Dal Vangelo secondo Luca
Lc 9,51-62
Mentre stavano compiendosi i giorni in cui sarebbe stato elevato in alto, Gesù prese la ferma decisione di mettersi in cammino verso Gerusalemme e mandò messaggeri davanti a sé.
Questi si incamminarono ed entrarono in un villaggio di Samaritani per preparargli l’ingresso. Ma essi non vollero riceverlo, perché era chiaramente in cammino verso Gerusalemme. Quando videro ciò, i discepoli Giacomo e Giovanni dissero: «Signore, vuoi che diciamo che scenda un fuoco dal cielo e li consumi?». Si voltò e li rimproverò. E si misero in cammino verso un altro villaggio.
Mentre camminavano per la strada, un tale gli disse: «Ti seguirò dovunque tu vada». E Gesù gli rispose: «Le volpi hanno le loro tane e gli uccelli del cielo i loro nidi, ma il Figlio dell’uomo non ha dove posare il capo».
A un altro disse: «Seguimi». E costui rispose: «Signore, permettimi di andare prima a seppellire mio padre». Gli replicò: «Lascia che i morti seppelliscano i loro morti; tu invece va’ e annuncia il regno di Dio».

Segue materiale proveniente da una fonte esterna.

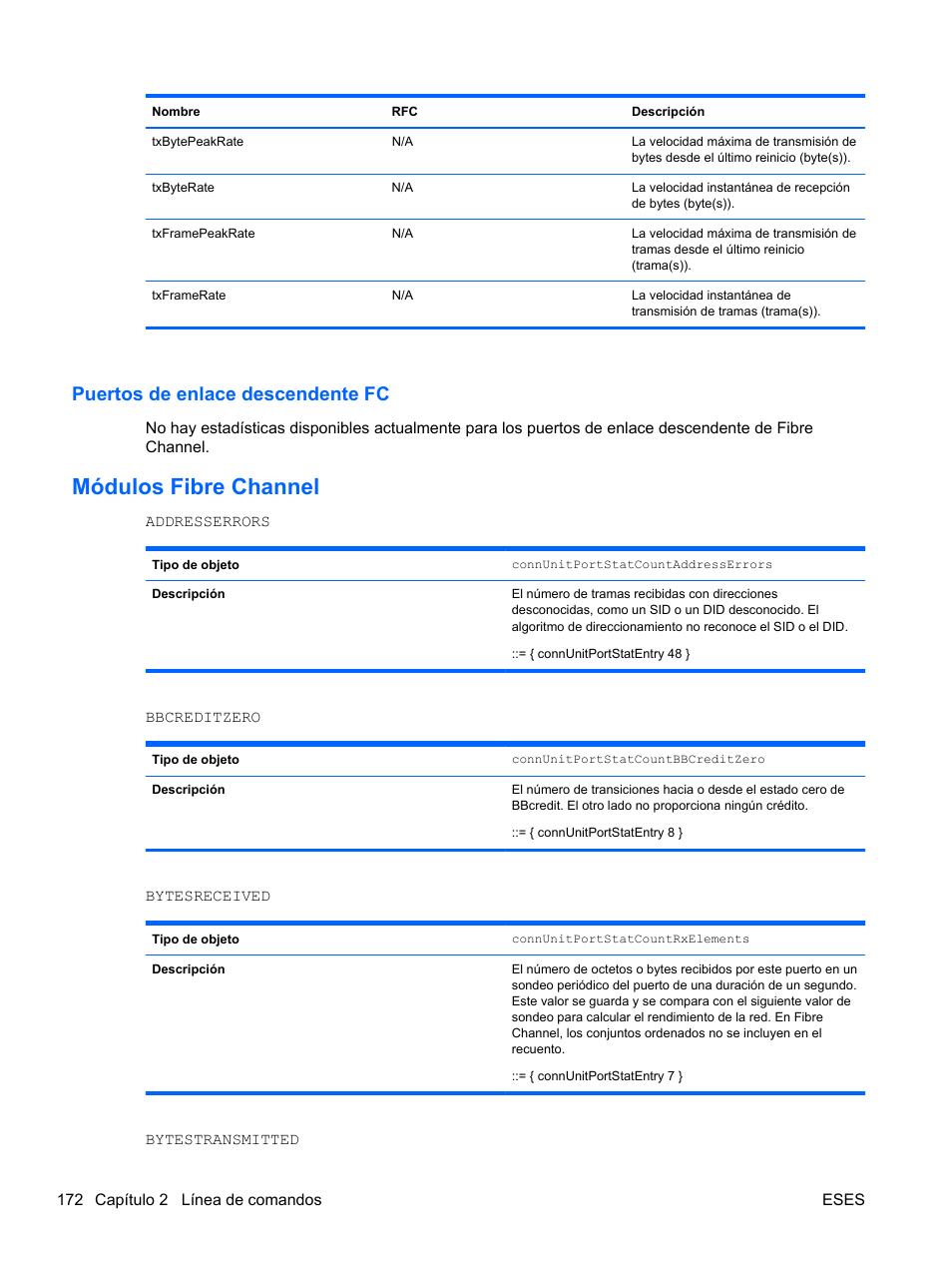 Puertos de enlace descendente fc, Módulos fibre channel | HP Módulo Ethernet de conexión virtual HP Flex-10 10Gb para BladeSystem clase-c User Manual | Page 179 / 221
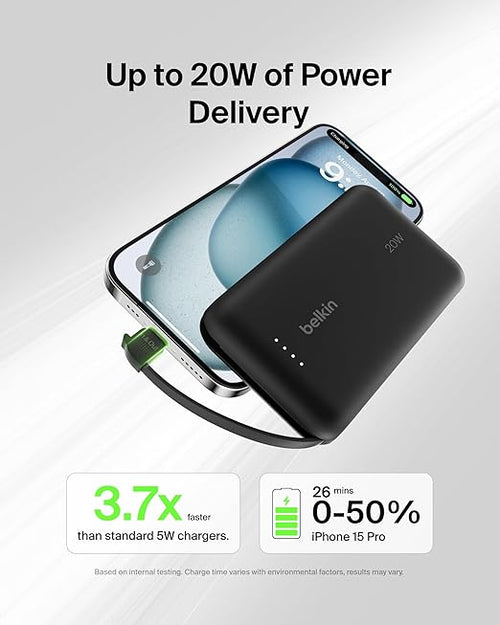 Belkin BoostCharge power bank 10000mAh, portable power bank with integrated cable PD 20W,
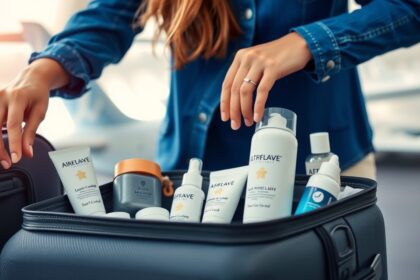 Bőrápolási termékek kézipoggyászban repülőutazáshoz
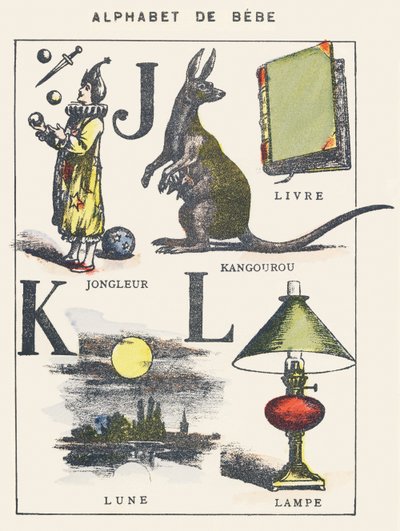 J K L: jongleur, kangoeroe, boek, maan, lamp door Unknown artist
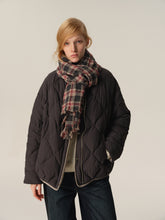 Diamond Quilt Reversible Crewneck Puffer Jacket black diamond quilt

Un altro disse: «Ti seguirò, Signore; prima però lascia che io mi congedi da quelli di casa mia». Ma Gesù gli rispose: «Nessuno che mette mano all’aratro e poi si volge indietro, è adatto per il regno di Dio».
Puoi non riceverlo, come fecero i samaritani. Ma se accogli Gesù nella tua vita, prendi anche tu la ferma decisione di metterti in cammino e vai fino in fondo. Questo è il messaggio del Vangelo di oggi, e non è solo una sfida esigente. Porta con sé innanzi tutto una buona notizia: chi segue Gesù, come Lui sarà “elevato in alto”. Oltre la morte, verso la gloria: una prospettiva che germoglia già ora, nel tempo della sequela, a patto che sia autentica.
La credibilità della nostra sequela si poggia sul ‘presente’ e non su un ipotetico futuro che rimandi ad oltranza illudendoti di essere “in cammino”. Se sei progetto di Dio gettato nel mondo, come diceva un noto filosofo, Heidegger, non puoi dire “ti seguirò”, ma “ti seguo”, ora.
I progetti, se li metti in cantiere, prima o poi si realizzano, ma se li chiudi in un cassetto o li parcheggi in attesa di tempi e condizioni migliori, diventano sogni infranti, occasioni irrimediabilmente perdute, rimpianti. E dentro questo nido artificiale ci muori.
Da qui l’ansia di voler seppellire i morti, cioè tornare indietro per afferrare gli affetti. Credi di farlo solo per un momento, ma poi finisci per mettere mano all’aratro volgendoti continuamente indietro con lo sguardo e muovendoti in avanti a zig zag.
Questa, nella sequela, è un’autentica disgrazia. Ho visto persone spegnersi totalmente perché totalmente aggrappate al passato e perennemente nostalgiche. Così incollate al passato da essere incapaci di amare il proprio presente e le persone che nel presente ci stanno accanto. Idealizzano a tal punto l’esperienza di ieri da voler ricostruire e rivivere a tutti i costi solo ed esclusivamente ciò hanno vissuto.
Con un’amara conseguenza: voltandoti indietro, distratto dal passato, finisci per tracciare un solco storto nel presente. E questo ti rende inadatto al regno di Dio. Non solo fai del male a te stessa/o perché ti privi dell’oggi di Dio che è sempre una novità di vita, ma impedisci anche agli altri di crescere nella bellezza del presente che il Signore ha in serbo per loro.
Non concentriamoci sul come fummo, né su come saremo, ma su come siamo, su chi siamo adesso e su ciò che adesso il Signore ci chiede qui, nella terra del presente, dove la sequela non è né sogno né nostalgia, ma umile e gioioso cammino tra la polvere della strada che porta alla gloria.